I was really focused on our external website, but there are all sorts of internal areas to look through as well. For example, our engineer (and marketing secret weapon) Vijay crawled the code comments in our database and removed all these words as well for even more inclusivity.
Step 6: Publish an inclusive language guide
It can be hard to hear, “Don’t use that word” without knowing what you should be saying instead. To try to remove the barriers, I created a reference document for everyone to use when looking for more inclusive language.
I designed the guide to try to make word choices as clear as possible in both absolute and context-dependent cases. For example, we’re really committed as a company to never use the word “crazy,” since it’s unfair and reductive to those with mental or psychiatric disabilities. But as you can see in the screenshot above, we’re not avoiding every use of the word “banana”–just the ones refer to anything other than fruit. When a word or phrase isn’t commonly understood to be discriminatory, like “grandfathered,” there’s a “further reading” link to provide additional context.

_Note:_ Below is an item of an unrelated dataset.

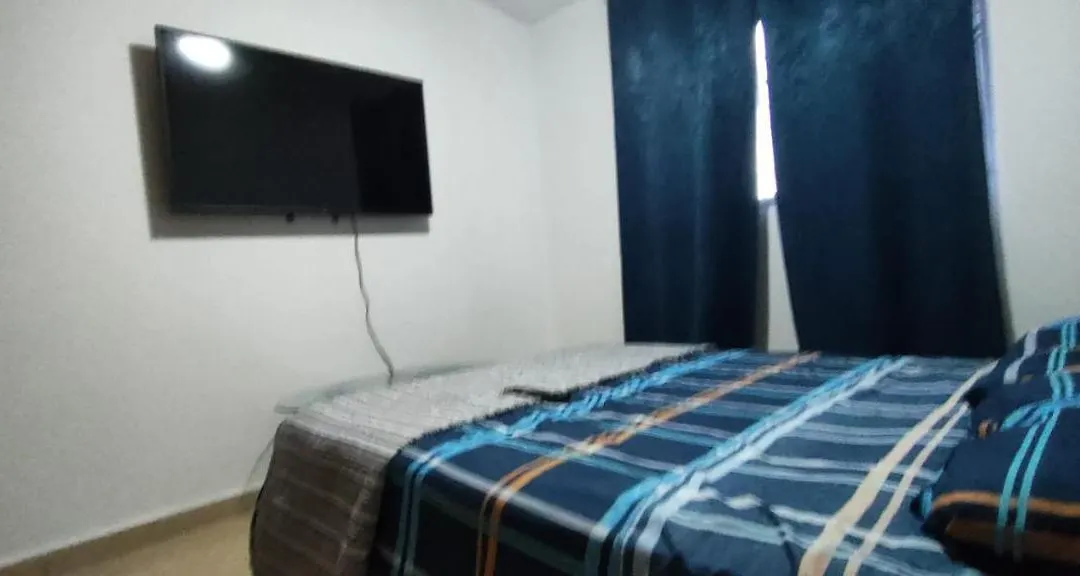 Habitacion En Unidad Residencial-1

Every word in the guide is paired with suggestions for what to use instead to make it as easy as possible to make an inclusive choice.

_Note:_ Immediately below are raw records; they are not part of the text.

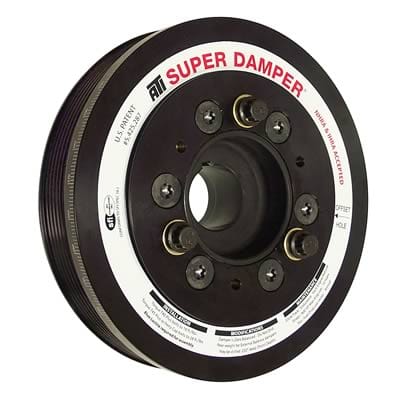 ATI Performance Products ATI Super Damper Serpentine Series Harmonic Balancers ATI917276 SR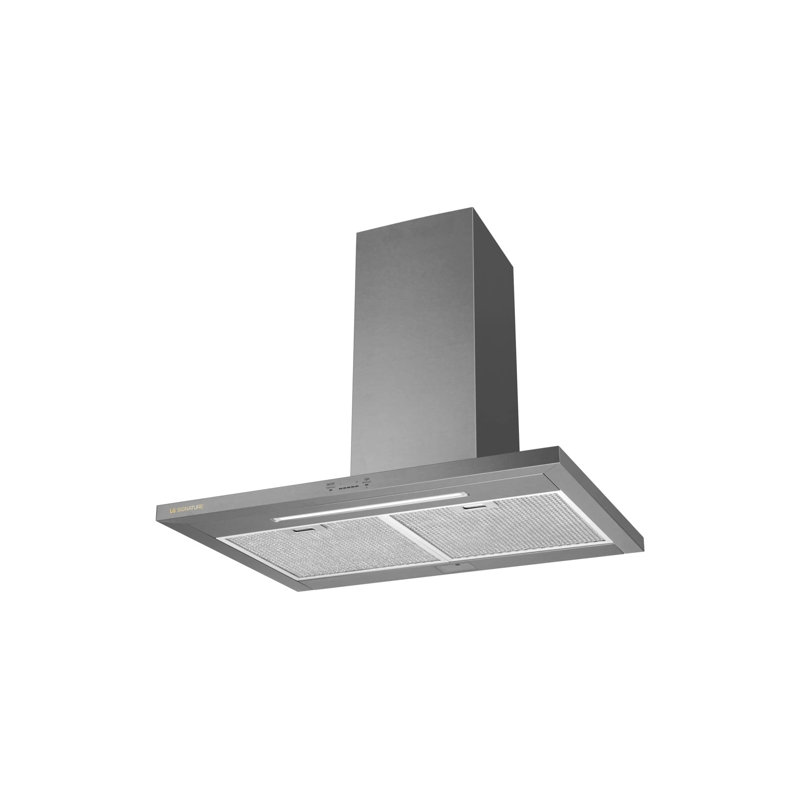 LG SIGNATURE Wall Mount Chimney Hood, 36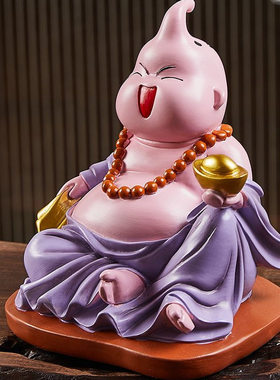 七龙珠祈福系列魔人布欧手办动漫周边模型潮玩摆件生日礼物送男生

Step 7: Always be improving
We’ve committed as a company to checking in after a few months to see how this process is going. We’ll cover questions like:
- Are we becoming more aware of what we’re saying?
- Is our language becoming more inclusive?

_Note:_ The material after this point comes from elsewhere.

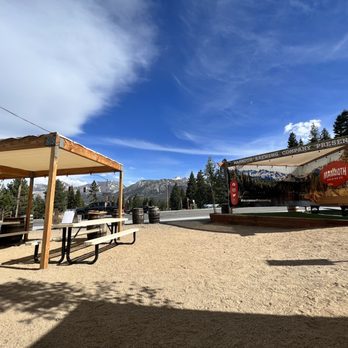 Mammoth Brewing - Views - Breweries Near Me - Mammoth Lakes, California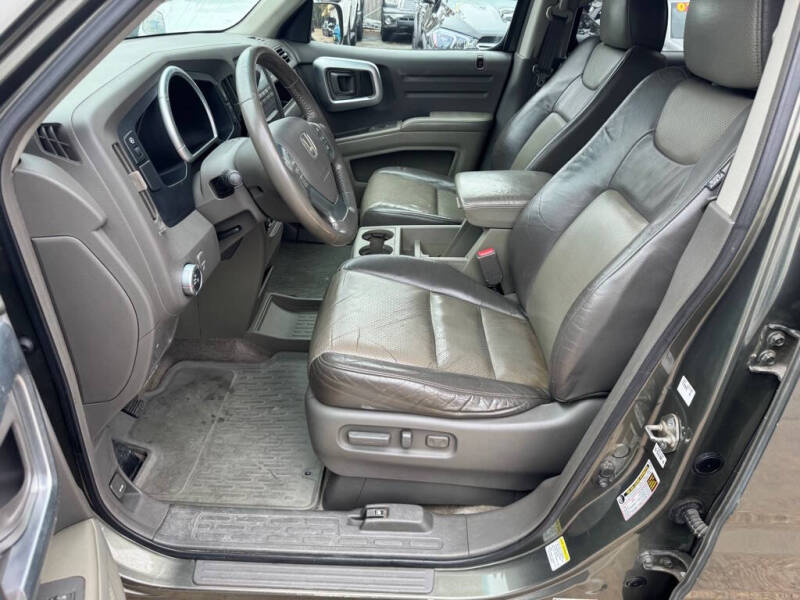 2006 Honda Ridgeline RTL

- Are there additional words or phrases we want to add?
- Are there any words that are too hard to avoid, or that we’re not ready to have on the list after all?
- Do we want to do more to support this initiative?
- What else can we do to make Rival IQ more inclusive?
We were never going to achieve perfection right out of the gate, so checking in regularly will give us a chance to refine and expand the definition of inclusivity at Rival IQ as we all learn more. These regular check-ins also ensure that we preserve the company buy-in established at the beginning of this process, instead of just remaining one person’s pet project.
The impacts of inclusive language
We rolled out the inclusive language guide and cleaned up the Rival IQ website about a month ago. Have we stopped saying every one of these words in the last month? No, but there’s way more awareness now than there used to be.
Coworker after coworker has come bursting into the office with a story about how thoughtlessly these words are used on the radio, in newspapers, on TV, and in books. I’m hearing us all catch ourselves more: using “Hi guys” to start a meeting has now become “Hi team” or “Hey y’all,” and “wild” and “wacky” are becoming natural substitutions for “crazy.” It’s fun to watch our brains rewire so quickly.
I can’t say yet that making these changes will be the thing that takes our start-up to unicorn status, but we hope our blog and website will be a more inclusive and welcoming and less ableist place for digital marketers looking for resources on the web.
Wrapping it up
I’ve simply loved working on inclusivity at Rival IQ, and can’t wait to evolve this guide and process as we continue to learn more. This work is satisfying and important for all writers and marketers to think about, and I hope to see more companies in tech and out working on this soon.
I’m grateful to Emily Triplett Lentz for her comprehensive and thoughtful approach to inclusivity at MozCon and for making herself available to me during this process when I had questions.